FOCUS on Contamination: Hydrology-Informed Noise-Aware Learning for Geospatial PFAS Mapping

Technical Deep Dive: FOCUS on Contamination

Overview

FOCUS is a geospatial deep learning framework for mapping per- and polyfluoroalkyl substances (PFAS) contamination in surface waters. PFAS are persistent environmental contaminants with significant public health impacts, but large-scale monitoring is limited by the high cost and logistical challenges of field sampling.
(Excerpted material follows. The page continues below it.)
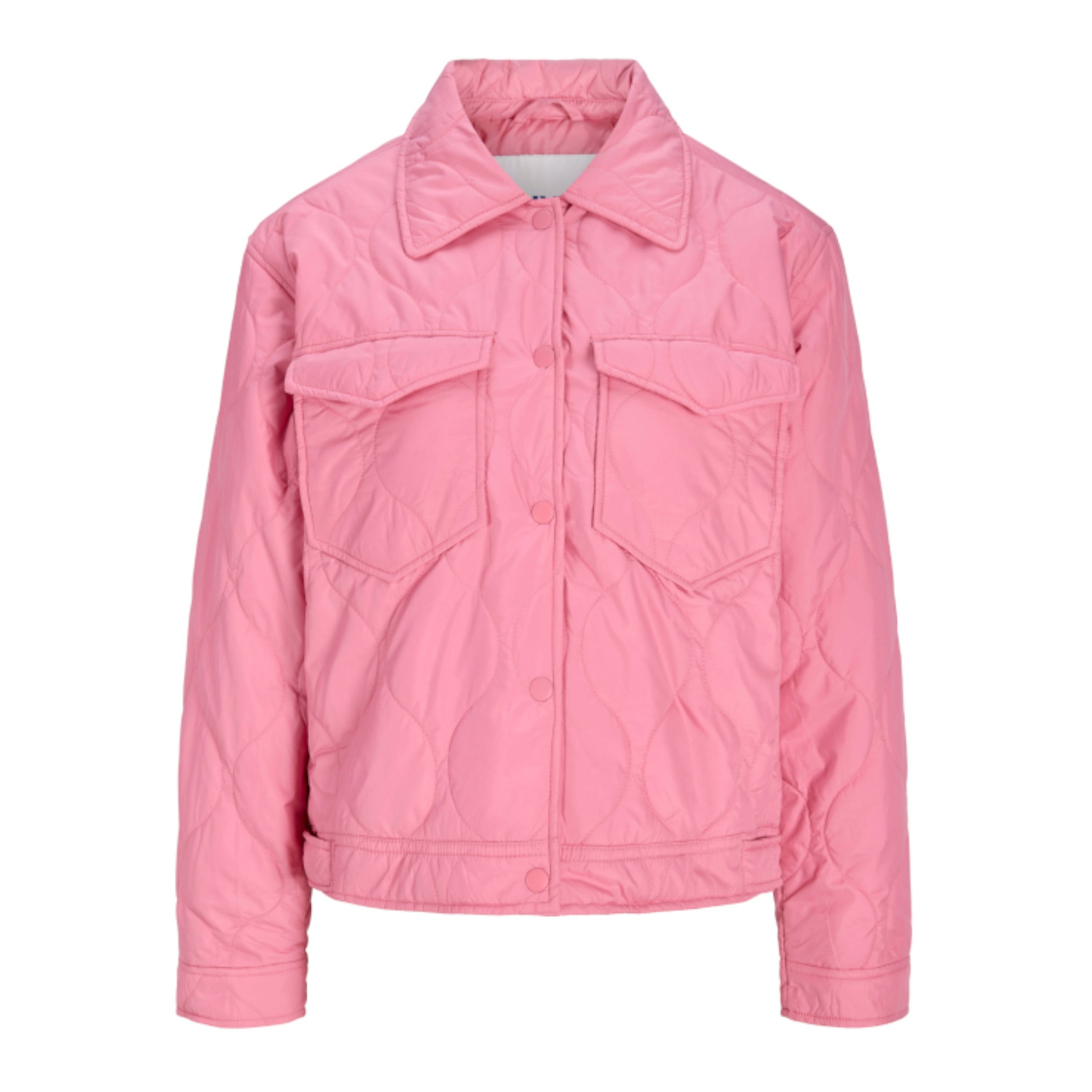 HOPE QUILTED JACKET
FOCUS integrates sparse PFAS observations with large-scale geospatial data on land cover, hydrology, and industrial activity to generate robust, scalable contamination predictions.

Problem & Context

• PFAS contamination is a major environmental and public health issue, with 97% of Americans exhibiting detectable PFAS levels in their blood
• Measuring PFAS concentrations is expensive, resulting in sparse and unevenly distributed ground-truth data
• This data scarcity leaves substantial uncertainty in identifying contamination hotspots and prioritizing targeted remediation
• Existing modeling approaches, such as hydrological simulations and geostatistical interpolation, have limitations in capturing the complex transport dynamics and uncertainties of PFAS

Methodology

• FOCUS frames PFAS mapping as a geospatial deep learning task, operating directly on multi-channel raster images to preserve spatial dependencies
• The model is trained using a noise-aware loss function that integrates physically-informed pixel correctness priors, such as proximity to industrial dischargers, land cover, and hydrological flow
• These priors help the model learn robust predictions from sparse, noisy labels, while maintaining spatial coherence and scalability

Data & Experimental Setup

• Training and testing data include both fish tissue and surface water PFAS measurements from government agencies and community sampling initiatives
• Raster images are generated around each sample point, integrating land cover, industrial discharger locations, and hydrological flow data
• The model is evaluated on multiple years (2008, 2019, 2022) to assess its ability to fill spatial data gaps

Results

• FOCUS consistently outperforms baseline approaches, including pollutant transport simulations, geostatistical interpolation, and tabular ML models
• It achieves a favorable trade-off between precision and recall, which is critical for robust large-scale environmental screening
• FOCUS is also computationally efficient, reducing feature extraction time from days to hours compared to tabular ML baselines
• Real-world validation on newly collected samples demonstrates the model's ability to generalize beyond the training regions

Interpretation

• FOCUS enables more comprehensive, nationwide perspectives on PFAS contamination risk, complementing existing, state-level monitoring programs
• The model's output can support scientific exploration and hypothesis generation by highlighting regions with unexplained contamination that warrant targeted follow-up investigation
• Integrating domain-specific knowledge into the model's training process helps address the challenges of sparse and noisy environmental data

Limitations & Uncertainties

• FOCUS performance is ultimately bounded by the availability and quality of underlying data
• The current model does not yet attribute predicted risk to specific PFAS compounds and sources, though this is an area of ongoing work
• Predictions should be interpreted as screening-level risk signals to prioritize follow-up sampling, rather than definitive contamination assessments

What Comes Next

• Future work will explore predictive uncertainty quantification to guide targeted sampling and enhance prediction robustness
• Temporal modeling using multi-year data will be investigated to track and forecast evolving PFAS patterns as longitudinal measurements become denser
• The team plans to build on public contamination maps by responsibly deploying the FOCUS framework to support decision-making and environmental justice efforts.